• **What to do**
This exercise calls for the records to be returned exactly, with images removed.

• **Source information**
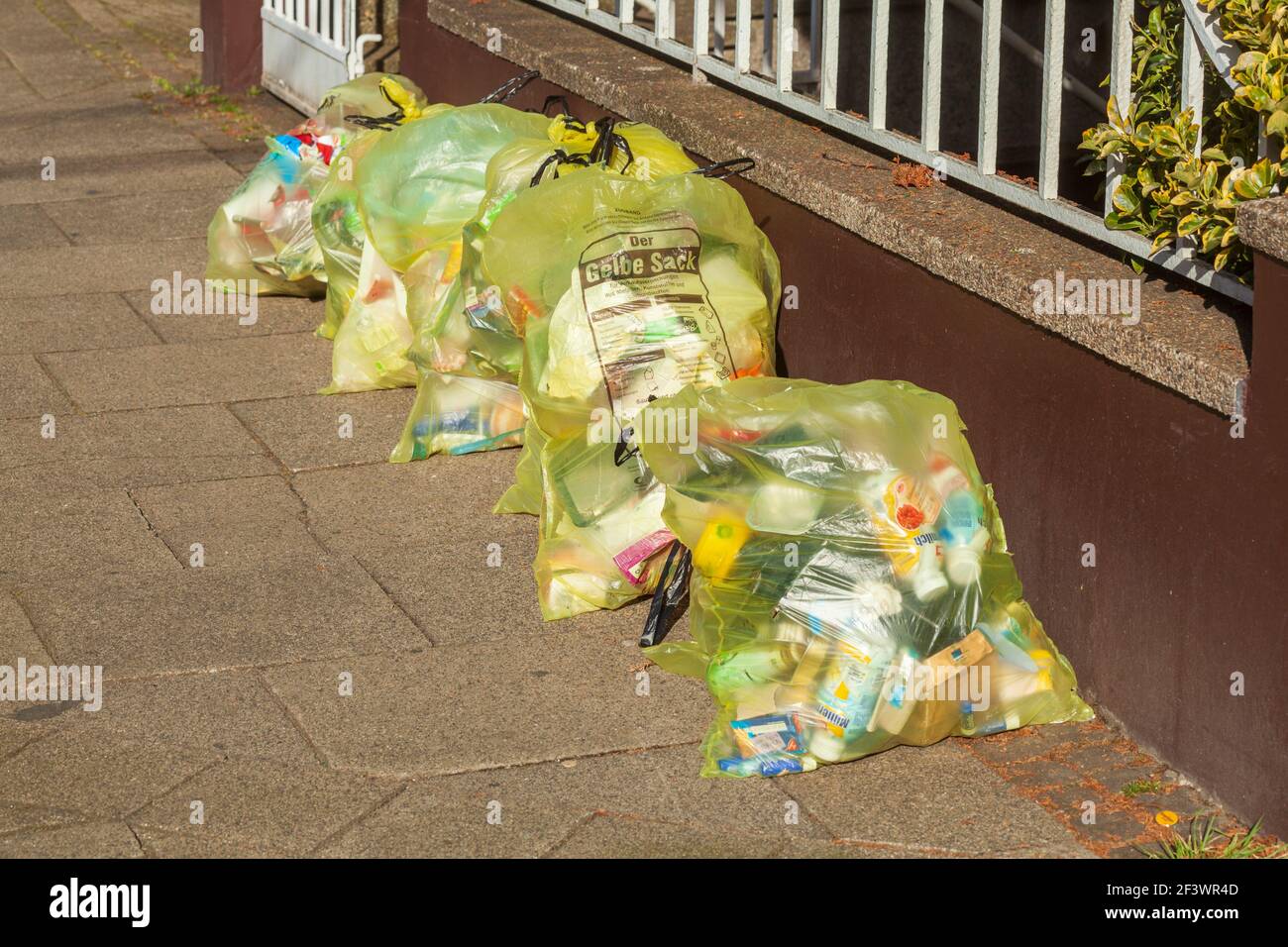 Yellow bags hires stock photography and images Alamy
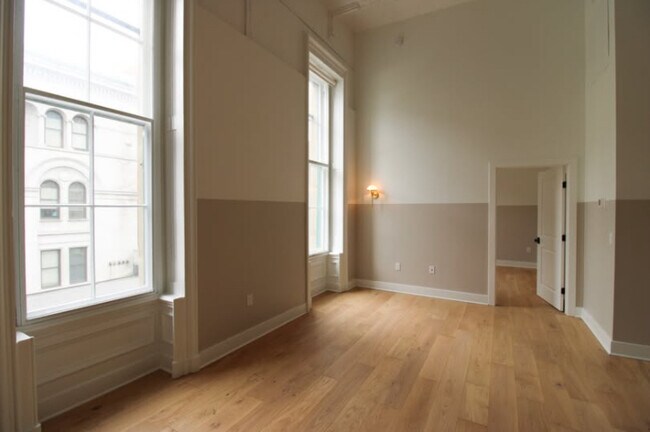 Building Photo - City Hall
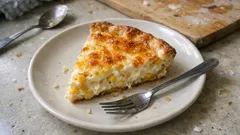 Tarta salada de maíz dulce con salsa blanca y queso gratinado: cremosa y fácil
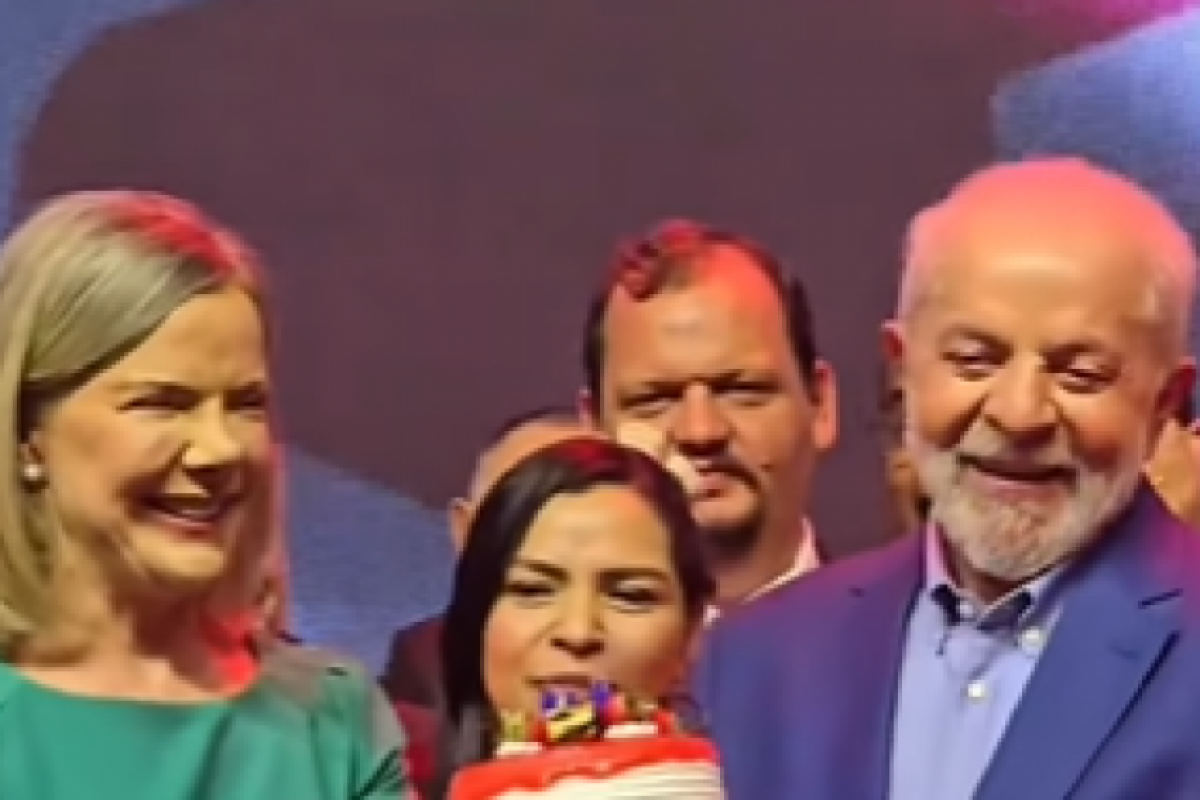  Lula participou, nesta quarta, de jantar em comemoração dos 44 anos do PT, completados em fevereiro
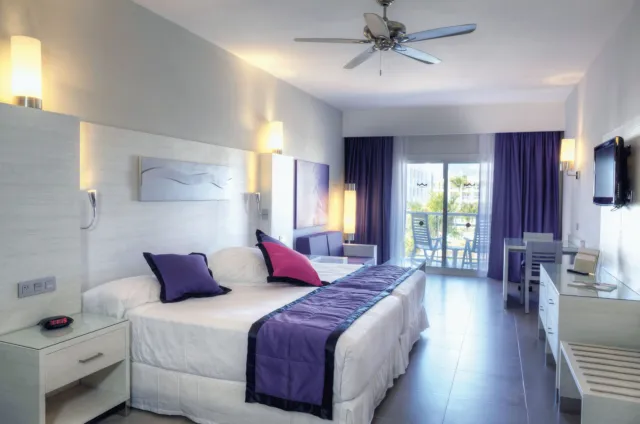 Bilder från hotellet Riu Palace Bavaro - - nummer 1 av 100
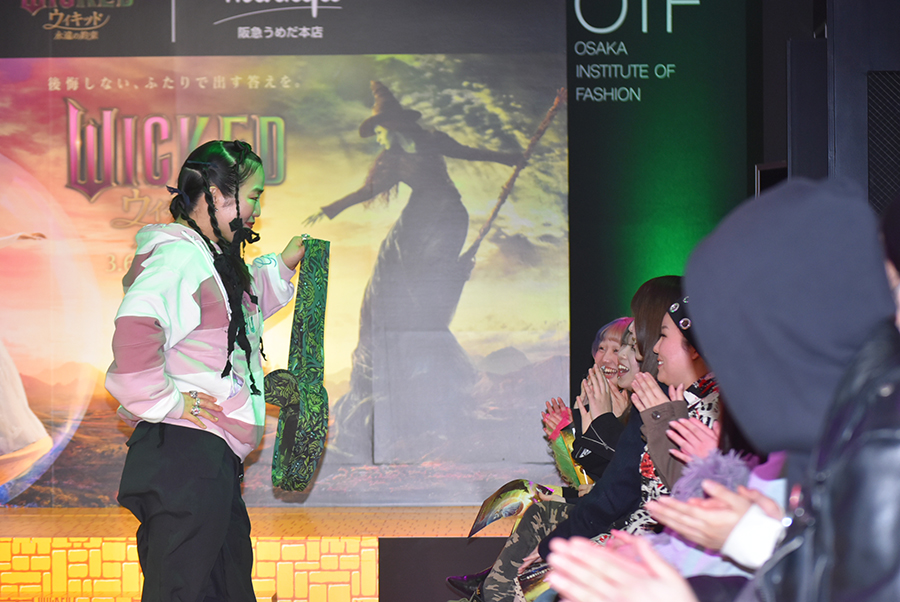 ランウェイを歩きながらも学生に向かってボケていたゆりやん（2月19日・大阪文化服装学院）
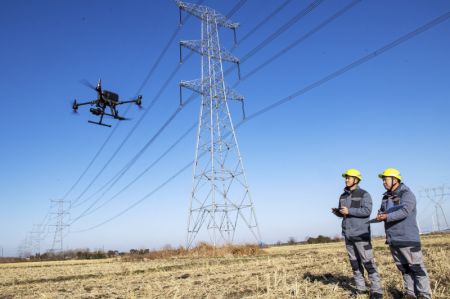 (miniature) Des techniciens inspectent les lignes de transmission à l'aide d'un drone à Hefei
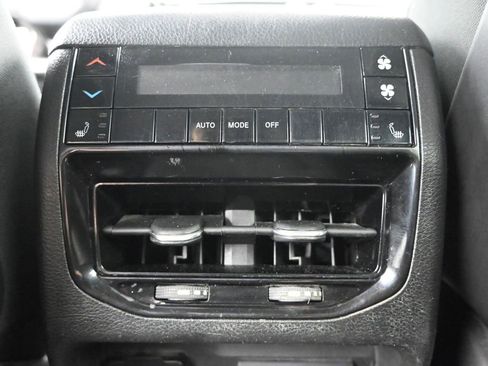 Used 2021 Jeep Grand Cherokee L Limited AWD/4WD image 15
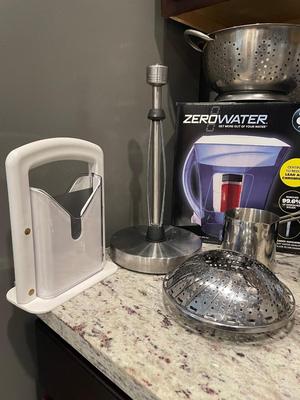 Misc kitchen lot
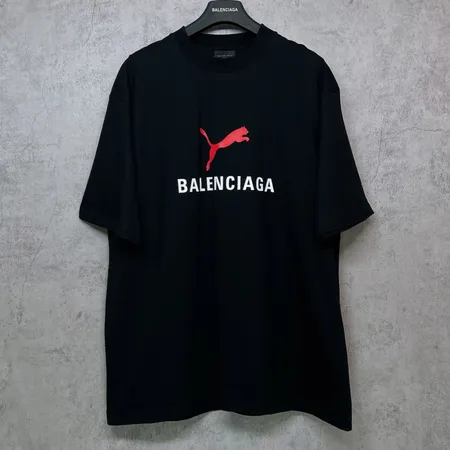 バレンシアガ Tシャツ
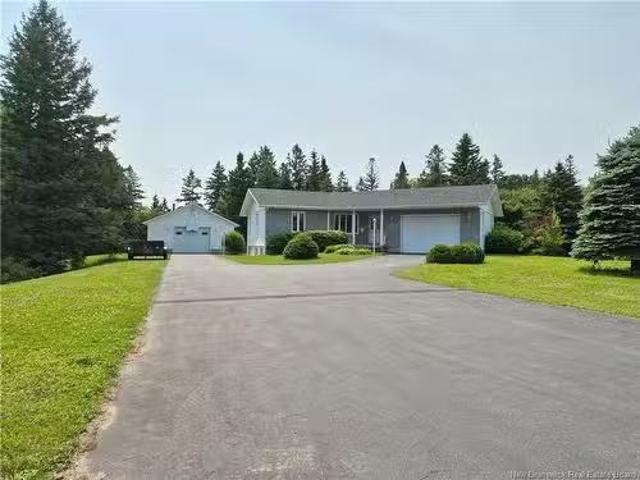 17 Ch Madran, Petit Rocher Nord, NB, E8J 2J6 house for sale.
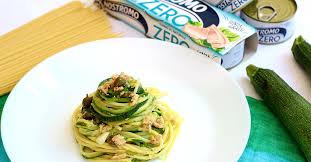 Anche la pasta per aperitivo non può mancare, se volete preparare una vera apericena. Spaghetti Con Zucchine Capperi E Tonno Nostromo Zero Tonno Nostromo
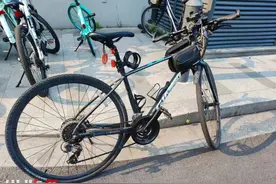 “自行车也要上牌？”南京一市民骑自行车没牌照被罚50元，执勤交警称车上路都要牌照图片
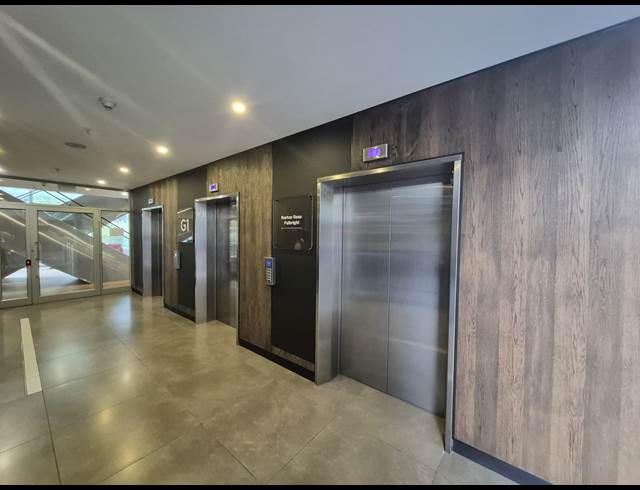1,752M² OFFICE TO LET IN SANDHURST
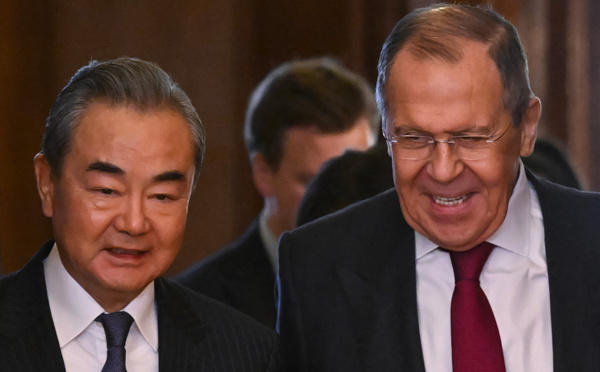 Ukraine: Moscou et Pékin affichent leur entente, en plein suspense autour d'un plan de paix chinois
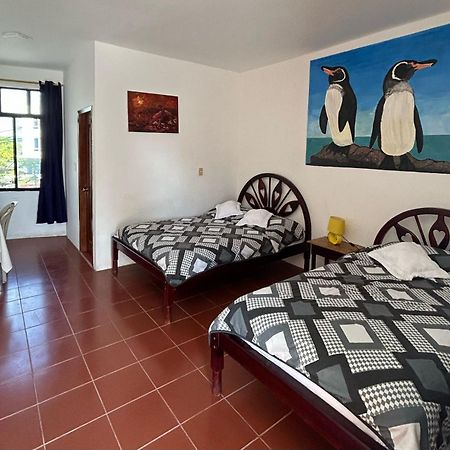 Hotel Isla Del Descanso Puerto Villamil Esterno foto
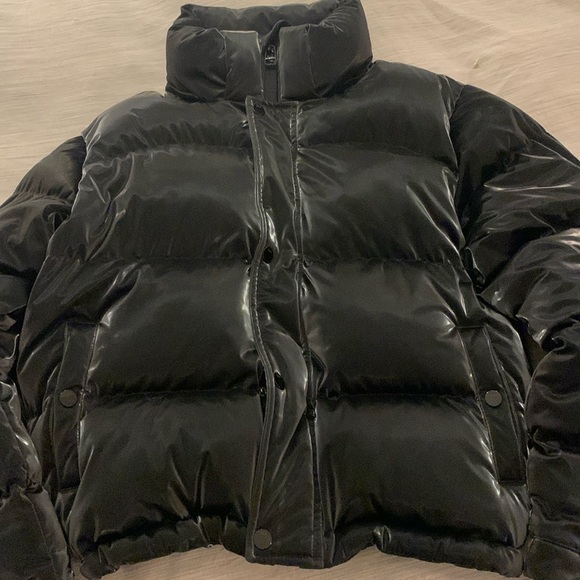 Brand New Aritiza Super Pufff Shorty Size Small - Picture 1 of 4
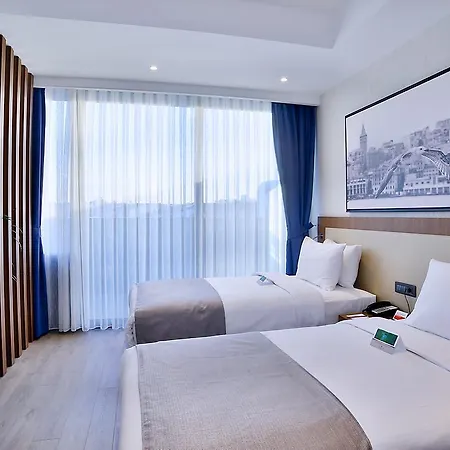 Ramada By Wyndham Old Отель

• **Problem solution**
 Yellow bags hires stock photography and images Alamy
 Building Photo - City Hall
 Tarta salada de maíz dulce con salsa blanca y queso gratinado: cremosa y fácil
  Lula participou, nesta quarta, de jantar em comemoração dos 44 anos do PT, completados em fevereiro
 Bilder från hotellet Riu Palace Bavaro - - nummer 1 av 100
 ランウェイを歩きながらも学生に向かってボケていたゆりやん（2月19日・大阪文化服装学院）
 (miniature) Des techniciens inspectent les lignes de transmission à l'aide d'un drone à Hefei
 Used 2021 Jeep Grand Cherokee L Limited AWD/4WD image 15
 Misc kitchen lot
 バレンシアガ Tシャツ
 17 Ch Madran, Petit Rocher Nord, NB, E8J 2J6 house for sale.
 Anche la pasta per aperitivo non può mancare, se volete preparare una vera apericena. Spaghetti Con Zucchine Capperi E Tonno Nostromo Zero Tonno Nostromo
 “自行车也要上牌？”南京一市民骑自行车没牌照被罚50元，执勤交警称车上路都要牌照图片
1,752M² OFFICE TO LET IN SANDHURST
 Ukraine: Moscou et Pékin affichent leur entente, en plein suspense autour d'un plan de paix chinois
 Hotel Isla Del Descanso Puerto Villamil Esterno foto
 Brand New Aritiza Super Pufff Shorty Size Small - Picture 1 of 4
 Ramada By Wyndham Old Отель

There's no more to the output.